Sa famille est donc fortement ancrée dans cet univers des artisans qui travaillent le fer et qui est assez aisé pour permettre aux enfants de poursuivre des études. Son frère Bertrand Flamens (1830-1882) deviendra vétérinaire à Castelsarrasin où il épousera Jeanne Fraysse,
Pierre épouse le 1er juillet 1850 à Castelsarrasin Amande-Antoinette dite Amélie Boyé (1830-1906) fille de Jean Boyé (1787-1846) marchand de fer et propriétaire.
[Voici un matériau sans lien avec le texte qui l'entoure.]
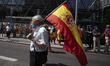People wave Spanish flags during a protest by right-wing protesters to denounce controvers...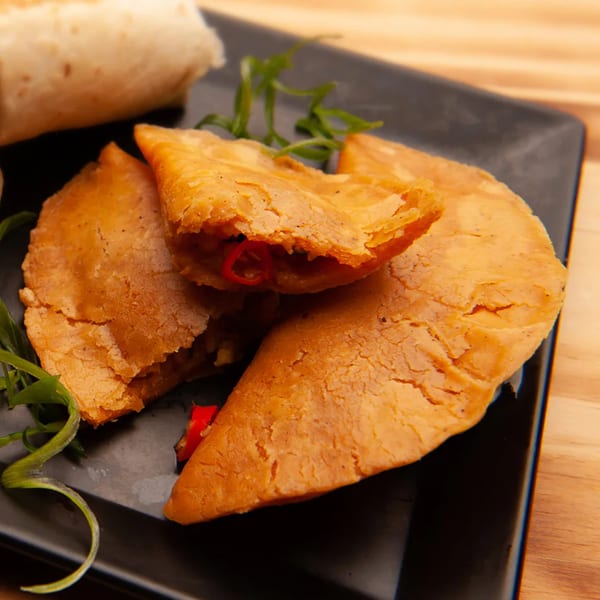 Golden-brown empanadas, one split open to reveal a savory filling with red peppers, on a black plate.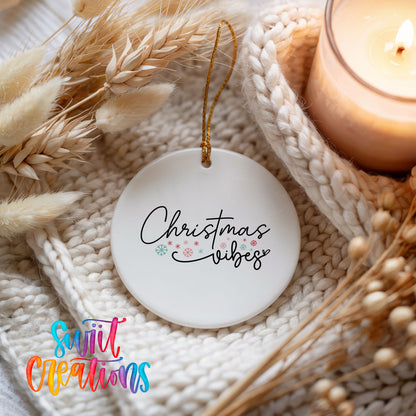 Round ceramic Christmas ornament featuring delicate Christmas Vibes script with small colorful holiday accents, styled beside a candle and cozy knit blanket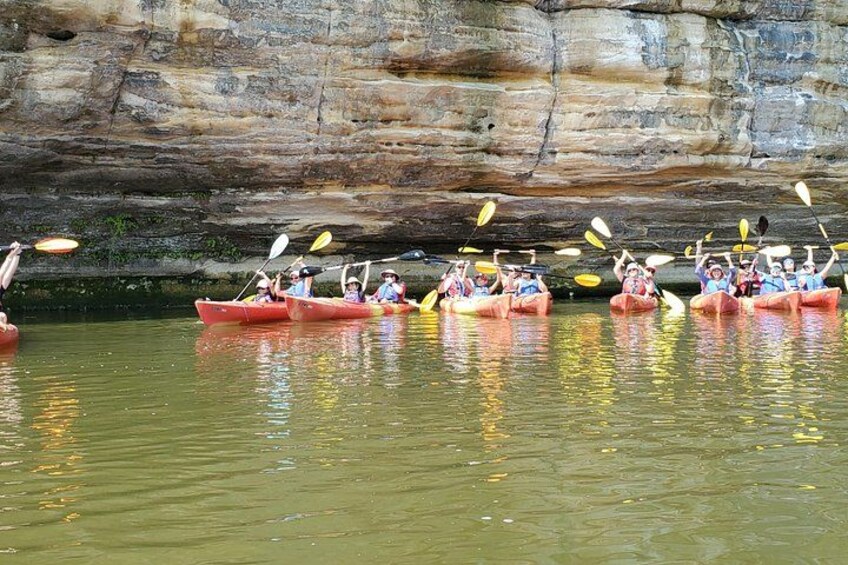 Eine Gruppe Menschen paddelt in roten Kanus auf einem ruhigen Fluss, im Hintergrund sind felsige Klippen zu sehen. 4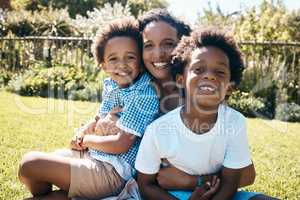 Adorable african american boys sitting on their mothers lap outside. Carefree african american family spending time outdoors at the park or their backyard. Mom embracing two sons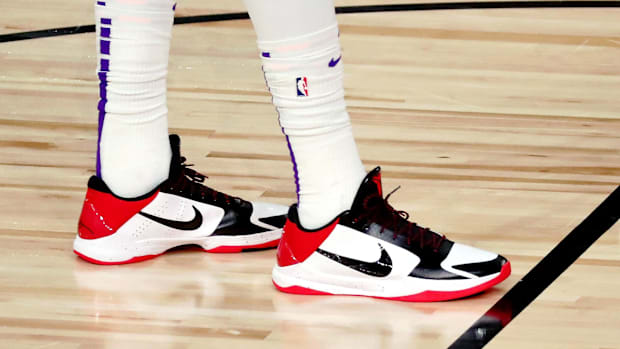 Anthony Davis's white, red, and black Nike sneakers.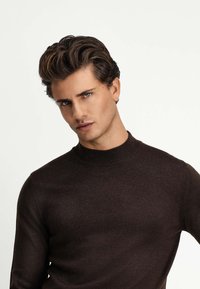 Brązowy sweter robiony na drutach z wysokim kołnierzem, dopasowanym krojem i długimi rękawami, o gładkiej teksturze i minimalistycznym stylu.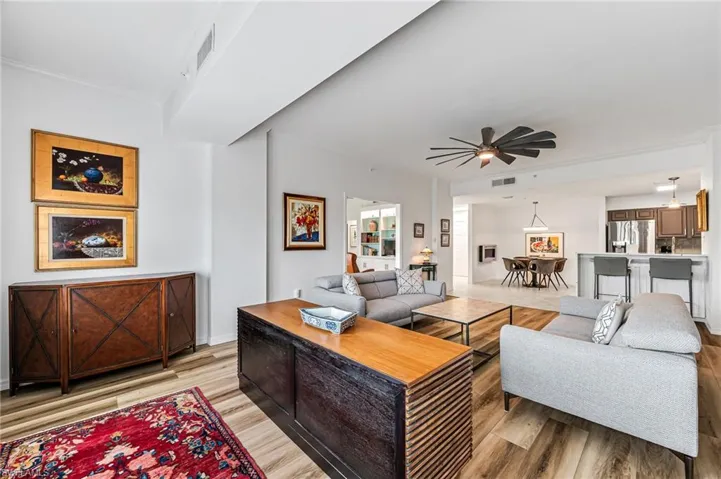 Living room featuring hardwood / wood-style flooring and ceiling fan
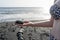 Caucasian woman in leopard bikini showing volcanic stone in black sand beach in the sunset. White woman holding wet lava rock in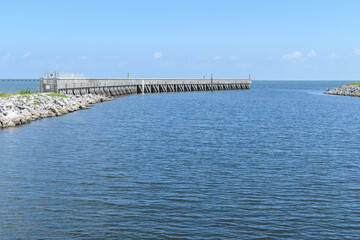 Fototapeta na wymiar Breakwater and Rip Rap Protecting Pumping Station Outlet on Lake Pontchartrain in Metairie, Louisiana, USA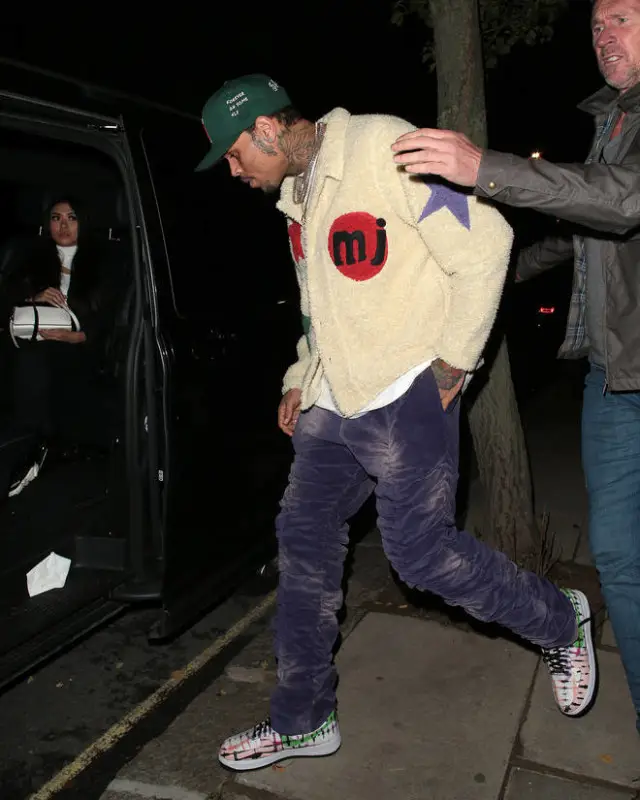 Chris Brown outfit in Marc Jacques Burton, Cactus Plant Flea Market, and Marc Jacobs, 2020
Parmi les signataires sur l’acte de mariage : deux cousins germains, Bertrand Flamens vétérinaire (40 ans) et Bertrand Flamens maréchal ferrant 27 ans,
Ils auront un premier enfant, Jean-Raymond Flamens né le 29 mars 1851. Parmi ceux qui signent à la naissance, le cousin Bertrand Flamens vétérinaire (41 ans). Il sera aussi avocat, sous-préfet et secrétaire général de préfecture de 1878 à 1890 puis percepteur. Son épouse appartient à une des plus nobles familles attachée au roi Victor-Emmanuel, nièce d’un sénateur italien.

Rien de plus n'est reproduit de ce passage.